Which is what has happened so many times over the years, because he’s able to easily play off of systems that are contradictory in their nature. Patriarchy, capitalism and white supremacy. He’s able to stack these systems so they lean against each other and move. But the thing I think that we all have to be paying attention to is how those systems are moving. Right? The systems themselves are in a shaky and precarious place. And because they’re in a precarious place, they are putting up all their defenses. And someone as bombastic and over-the-top as him is a defense mechanism, more than he’s a person, more than he’s a politic. He’s defending white supremacy, defending capitalism, and defending patriarchy.
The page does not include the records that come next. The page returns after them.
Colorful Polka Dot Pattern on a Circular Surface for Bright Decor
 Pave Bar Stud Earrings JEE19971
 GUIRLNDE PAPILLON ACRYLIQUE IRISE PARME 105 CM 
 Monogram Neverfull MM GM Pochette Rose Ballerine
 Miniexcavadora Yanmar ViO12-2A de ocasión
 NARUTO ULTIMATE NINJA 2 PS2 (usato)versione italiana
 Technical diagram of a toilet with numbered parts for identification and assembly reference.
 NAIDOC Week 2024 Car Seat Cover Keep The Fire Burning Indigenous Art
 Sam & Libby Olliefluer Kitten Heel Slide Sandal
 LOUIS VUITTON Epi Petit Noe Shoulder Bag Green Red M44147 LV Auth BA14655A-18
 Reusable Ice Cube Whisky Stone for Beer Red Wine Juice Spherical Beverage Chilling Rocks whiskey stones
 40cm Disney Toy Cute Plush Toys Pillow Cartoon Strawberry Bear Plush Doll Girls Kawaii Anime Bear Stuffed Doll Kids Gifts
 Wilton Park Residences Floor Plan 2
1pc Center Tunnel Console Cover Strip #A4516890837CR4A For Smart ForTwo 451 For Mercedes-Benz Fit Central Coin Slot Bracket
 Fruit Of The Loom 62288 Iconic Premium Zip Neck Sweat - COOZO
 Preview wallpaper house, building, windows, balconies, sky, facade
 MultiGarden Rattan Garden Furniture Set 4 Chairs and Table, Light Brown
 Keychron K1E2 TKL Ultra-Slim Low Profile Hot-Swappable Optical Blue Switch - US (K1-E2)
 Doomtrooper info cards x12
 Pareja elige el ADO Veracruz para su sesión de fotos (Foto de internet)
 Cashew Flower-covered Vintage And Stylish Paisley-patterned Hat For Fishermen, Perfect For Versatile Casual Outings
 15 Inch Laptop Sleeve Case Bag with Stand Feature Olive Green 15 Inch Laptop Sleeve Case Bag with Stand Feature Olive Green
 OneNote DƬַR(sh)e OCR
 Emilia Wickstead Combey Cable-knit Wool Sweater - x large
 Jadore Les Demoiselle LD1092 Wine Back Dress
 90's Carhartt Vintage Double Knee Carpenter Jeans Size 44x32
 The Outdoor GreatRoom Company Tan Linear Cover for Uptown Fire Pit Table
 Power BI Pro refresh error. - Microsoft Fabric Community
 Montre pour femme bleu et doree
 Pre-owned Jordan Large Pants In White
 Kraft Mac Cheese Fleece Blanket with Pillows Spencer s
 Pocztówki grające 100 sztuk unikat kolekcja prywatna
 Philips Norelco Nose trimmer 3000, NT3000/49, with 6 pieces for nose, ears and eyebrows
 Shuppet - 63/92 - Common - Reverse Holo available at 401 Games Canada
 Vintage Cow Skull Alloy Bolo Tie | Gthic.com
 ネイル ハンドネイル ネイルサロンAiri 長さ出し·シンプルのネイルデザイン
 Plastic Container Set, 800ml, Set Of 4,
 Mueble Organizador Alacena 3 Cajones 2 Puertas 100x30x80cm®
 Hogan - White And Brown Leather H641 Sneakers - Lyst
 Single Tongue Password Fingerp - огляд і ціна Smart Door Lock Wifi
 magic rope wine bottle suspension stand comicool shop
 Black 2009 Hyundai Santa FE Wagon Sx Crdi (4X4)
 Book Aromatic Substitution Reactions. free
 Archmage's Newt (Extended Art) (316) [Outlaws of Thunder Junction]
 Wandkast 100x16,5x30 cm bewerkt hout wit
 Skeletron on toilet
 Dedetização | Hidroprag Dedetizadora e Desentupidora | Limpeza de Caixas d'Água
And those systems need to be defended because our movements have been so effective against them. Me Too called it out. Black Lives Matter called it out. Occupy Wall Street called it out. We are in this moment where all these movements came up and did major damage to these systems. And so the systems went into hyper defense mode. And we can’t mistake that hyper defense mode for a clear politic. It’s not. Right? Just like when, when someone attacks us, most of us are, ah! You know, sort of flailing. Right? You’re flailing, trying to defend yourself, trying to stay alive. And well what we have to do is continue to push, continue to say, actually, we reject the whole system. It’s not about this one person. It’s not about even his administration. We reject all the systems that have supported this kind of rampant, dehumanizing way of governance, and we are ready to claim governance. And I think that makes it a very exciting time.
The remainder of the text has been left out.